(DATA PROVIDED begins)

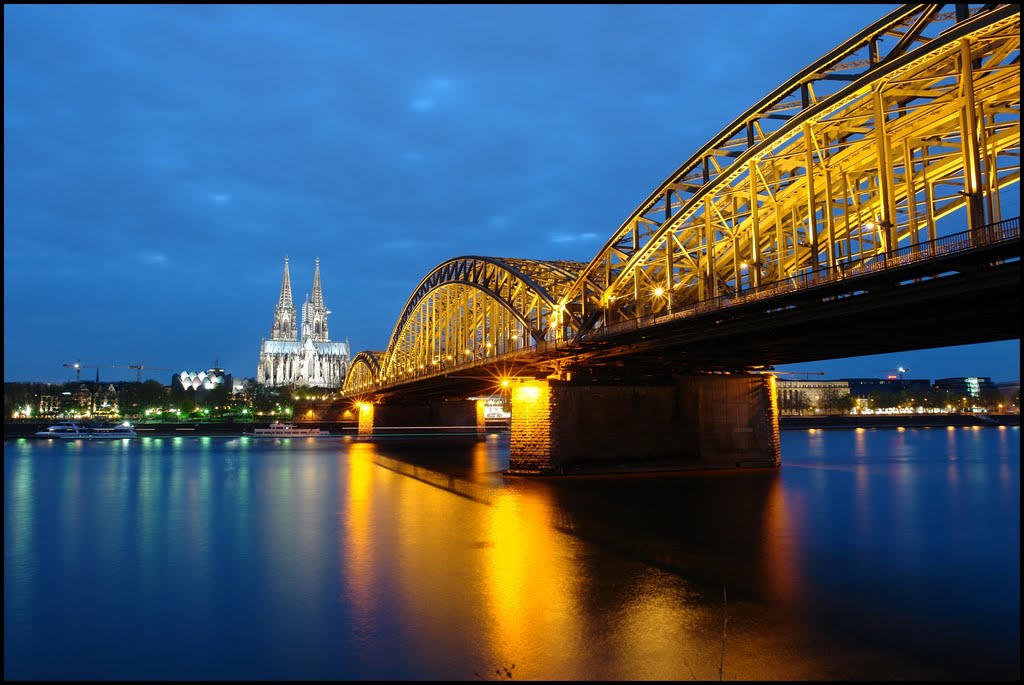Winner of Honorable Mention Contest MAY 2011- Blue Hour in Cologne - 30 sec.- River Rhine,  Hohenzollernbrücke , the Dom Cathedral of Cologne - UNESCO World Heritage - Germany - [By Stathis Chionidis]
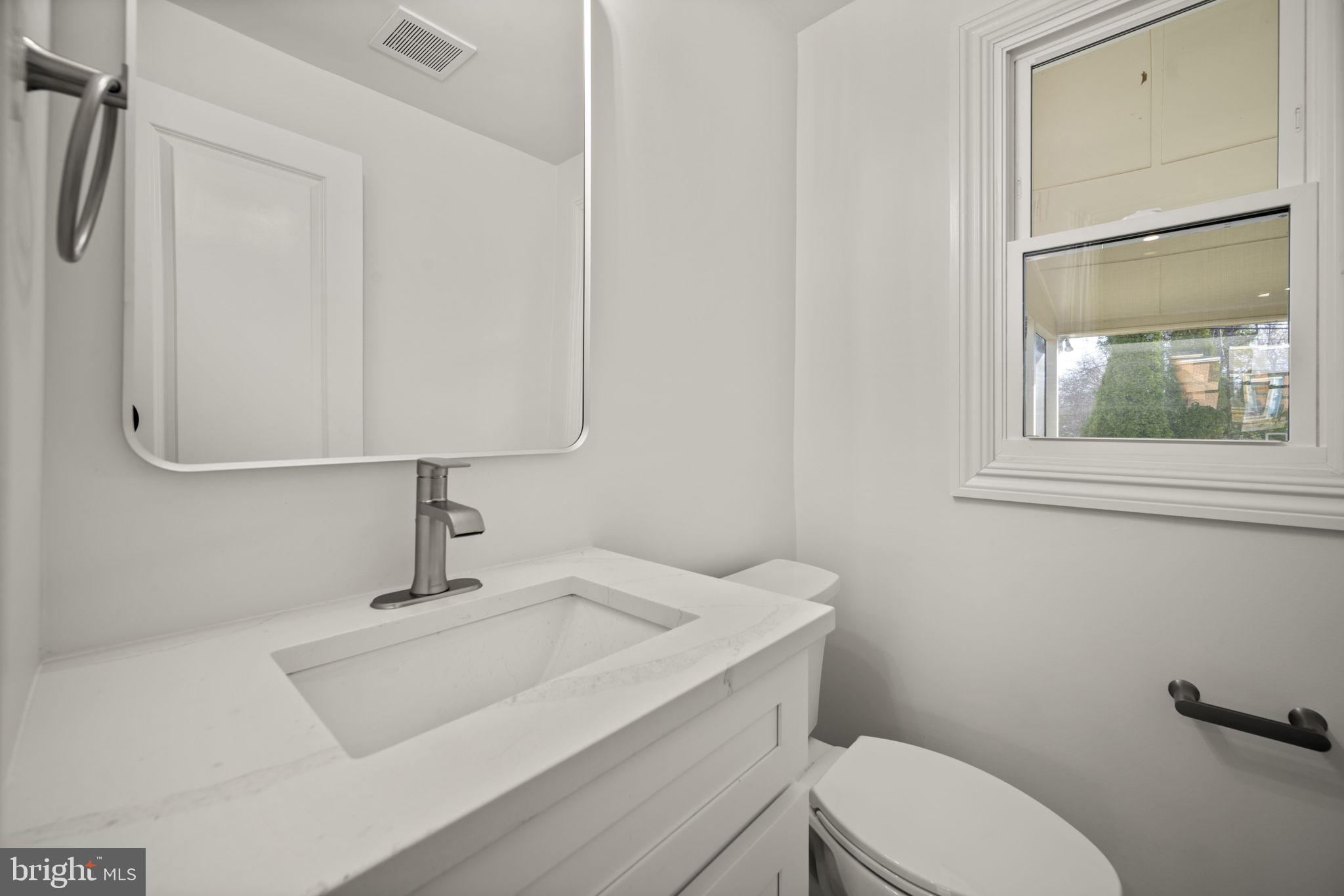 2111 Eastridge Road Lutherville-Timonium, MD 21093 - Photo 24 of 44 a bathroom with a toilet sink and mirror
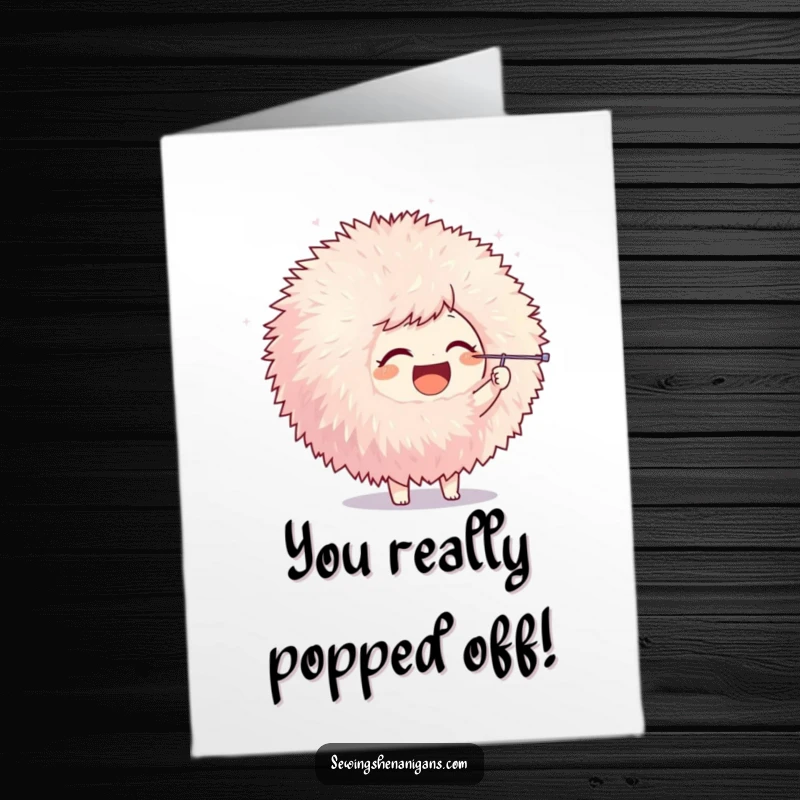 Funny Free Printable Congrats Card: Joyful character playfully poking a giant pom-pom with a needle, celebrating accomplishment.
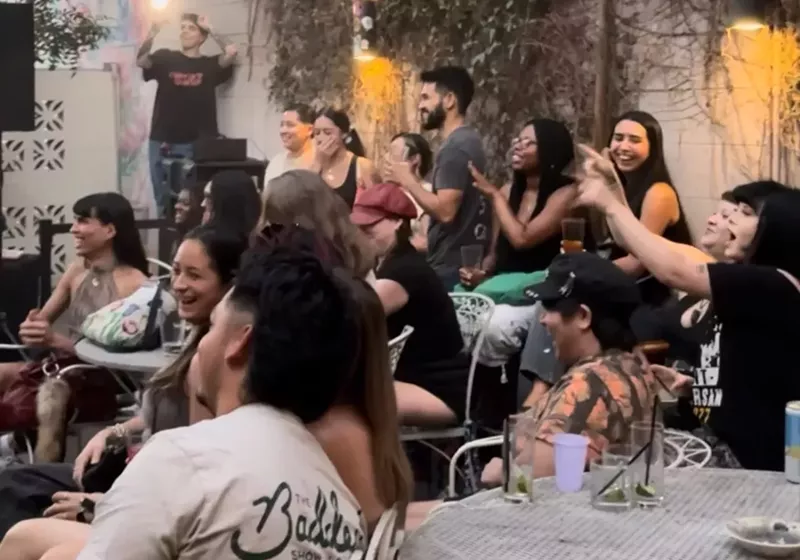 Image: Fans watch "Love Island" at Gracie's Tax Bar.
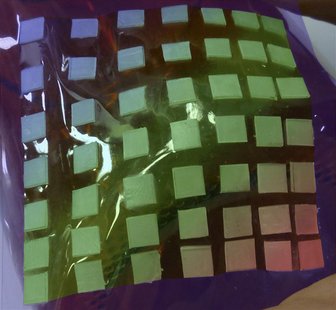 A stretchable material containing squared stiff islands for the protection of brittle electronic devices is pictured in this handout photo. A stretchable material containing squared stiff islands for the protection of brittle electronic devices is pictured in this handout photo.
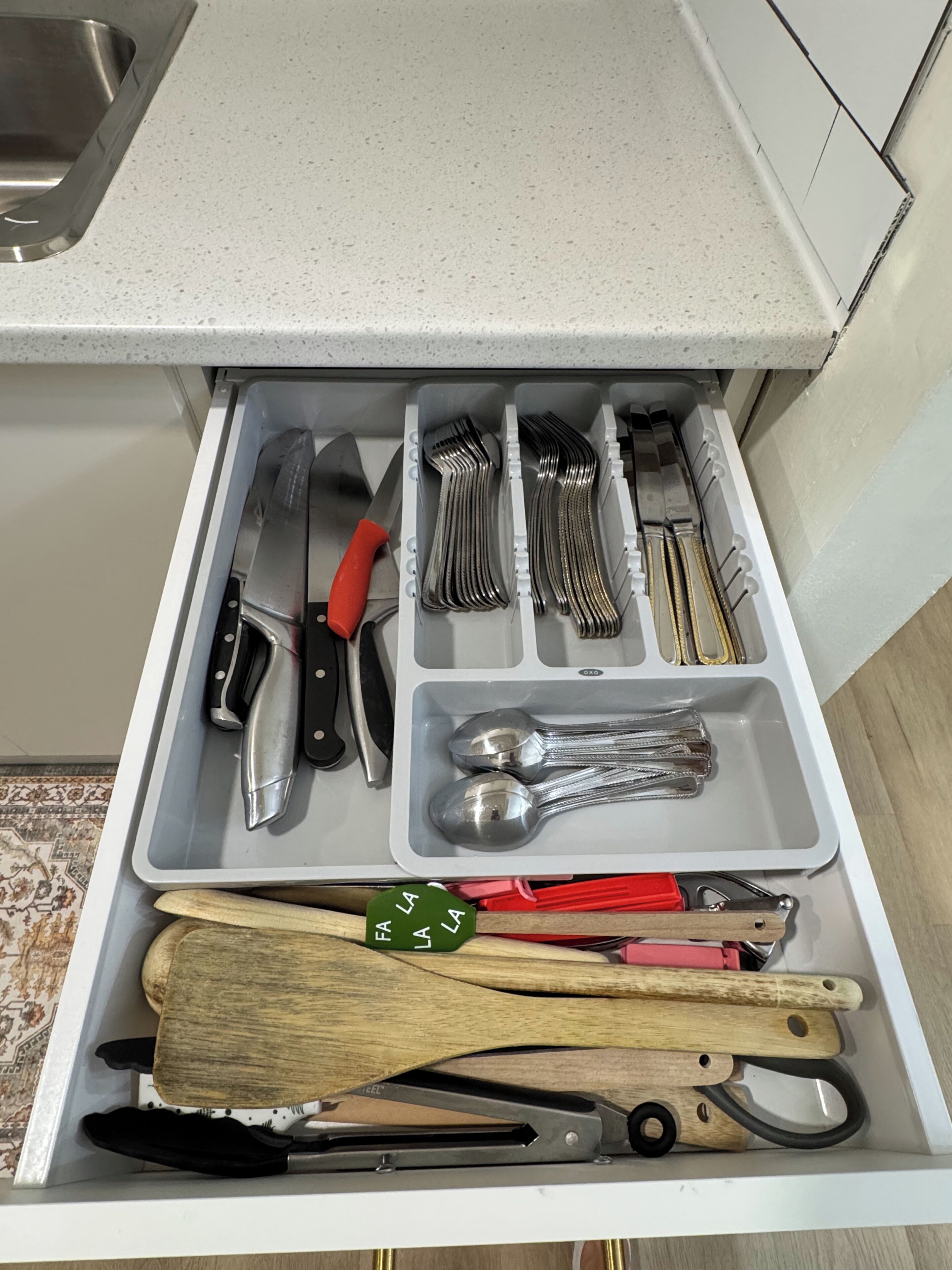 A kitchen drawer with utensils, including knives, forks, and spoons, organized in compartments.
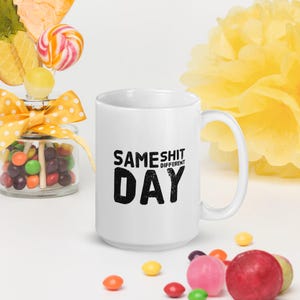 May include: White ceramic mug with the text "SAME SHIT DIFFERENT DAY" in black. The mug is surrounded by colourful sweets and a yellow paper flower.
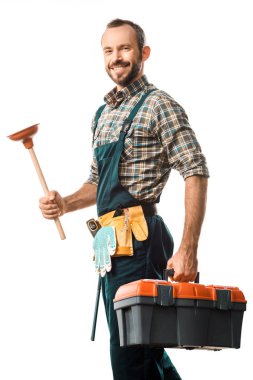 smiling handsome plumber holding plunger isolated on white and looking at camera clipart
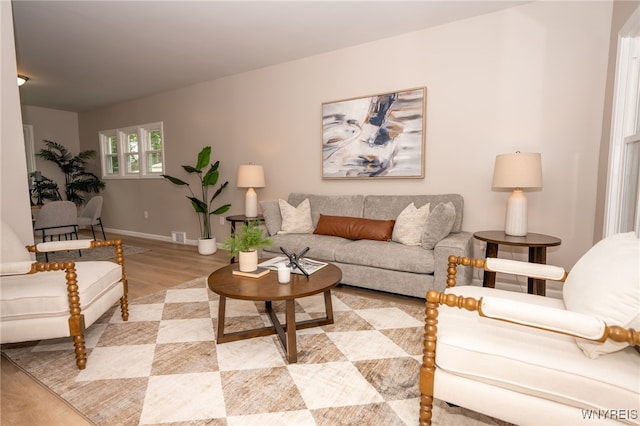 827 Tifft St, Buffalo, NY 14220 - living room featuring light wood-style flooring and baseboards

(DATA PROVIDED ends)

• PROBLEM: Return exactly, and only, the lines that run from the line containing "A kitchen drawer" to the last line of the entries above, both ends included, with pictures left out.

• TASK OUTPUT:
 A kitchen drawer with utensils, including knives, forks, and spoons, organized in compartments.
 May include: White ceramic mug with the text "SAME SHIT DIFFERENT DAY" in black. The mug is surrounded by colourful sweets and a yellow paper flower.
 smiling handsome plumber holding plunger isolated on white and looking at camera clipart
 827 Tifft St, Buffalo, NY 14220 - living room featuring light wood-style flooring and baseboards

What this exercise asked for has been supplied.